Sunday, March 26, 2006
I've wanted to post a bit about my Emacs experiments. I've tried three "PIMs" at this point: Planner-mode, Org-mode, and Howm. All three are interesting and have their uses. You can find a lot online about planner-mode, so I won't spend much time with it here. Org-mode is sort of an outliner on steriods. You can pull todos out of it and it has an interesting table feature. But today, I want to talk about howm. You're not going to find much online about it. There's an unfinished tutorial that helped me a lot. I'm still trying to figure things out. In the meantime, I'm posting a couple of images so you can see what it looks like. The first one is howm-menu, which is the main interface.

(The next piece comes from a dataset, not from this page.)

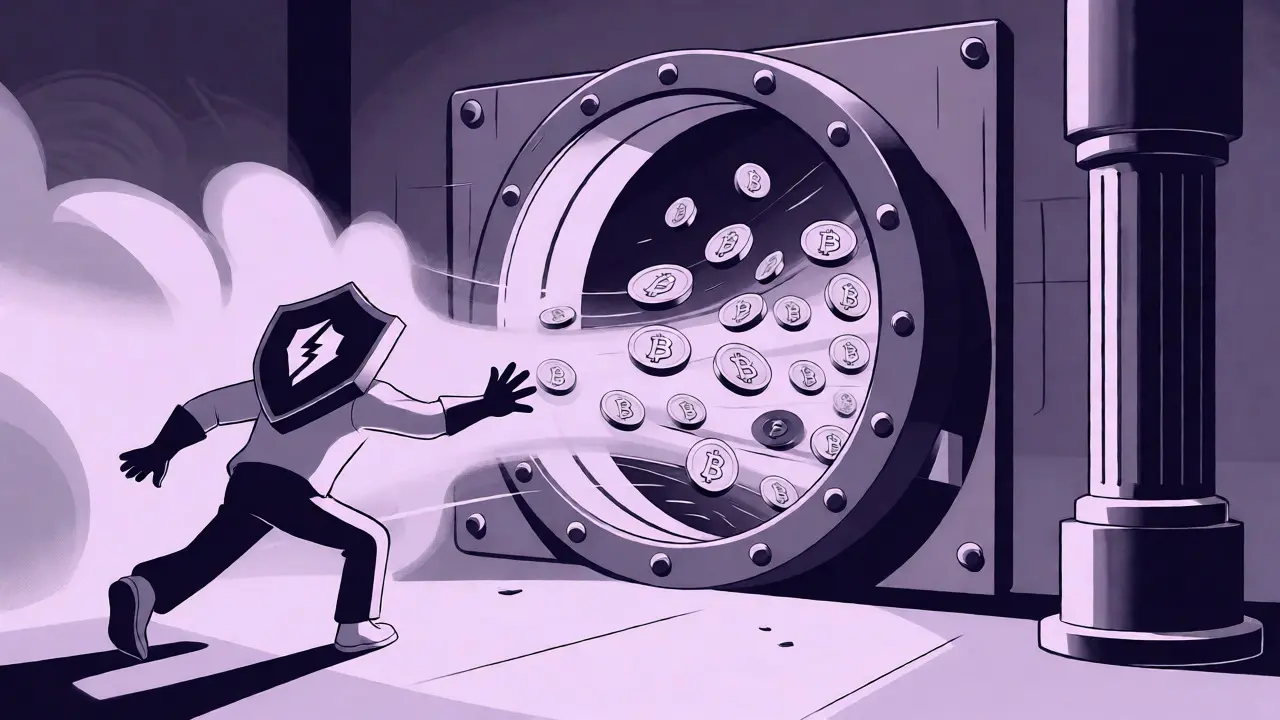 Bóveda bancaria cerrándose ante criptomonedas de plataformas no licenciadas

The bracketed words across are clickable "buttons". When you use howm, it creates a new text file, stored in a special directory. It searches files in this directory. The file names are basically date stamps. You can create a new file immediately after your first one and it will have a different stamp. (You can also concatenate files.) You can type in anything you want. You use special tags to flag an item as a todo or scheduled appointment. Howm will pull all of those together and display them in the menu. Basically, you can open a single file, type in whatever you want and howm will sort things out for you. You can also tag it with keywords, which are indicated by >>> in front of a word. You can use multiple tags, which the original tutorial calls "aliases", and Howm will pull up your item in a search of any of them. There's another way to tag items using <<<. Howm calls these go-to and come-from links. You can input recurring todos too. Howm has a way of sorting todos that reminds me of Life Balance. You can tag a defered todo by using a ~ after the date stamp. If you put a number after that, the deferred item will rise to the top of your list every x number of days then float back down to the bottom. Todos are set to rise and float down on your list depending on the type of item. Appointments can be either scheduled or deadlines. Howm also supports links of all sorts.

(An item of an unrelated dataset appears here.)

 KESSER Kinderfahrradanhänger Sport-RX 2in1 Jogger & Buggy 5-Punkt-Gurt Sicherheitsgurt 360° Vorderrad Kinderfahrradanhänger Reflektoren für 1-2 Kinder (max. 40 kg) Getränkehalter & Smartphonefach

I'll show you another example. I've talked about using Accounts and Loans on my Palm for my check register. It has a great feature where it will export the registry by account into memos. The downside is that it's not easy to search the database for a transaction without doing an export. Sometimes I want to find out if I've re-entered a transaction by mistake. I've tried moving the data into a spreadsheet but it just seems like work. Today, I tried copying those memos into a single howm file. Here's the result:


I did a search of an amount in my file. The top buffer shows the results, giving me a list of all the times it found that amount. The bottom buffer is the display of the top file, with each instance of my search highlighted. If I were to click on the other files at the top, the bottom buffer would display them in turn. This is going to be really handy for me and a lot easier for my ageing computer to handle than Open Office.

The original Howm tutorial is here.
This is very helpful too. Emacs will run on just about everything except Palms. I'm finding this to be an amazingly useful Emacs mode and it's certainly helping me learn how to use Emacs as well.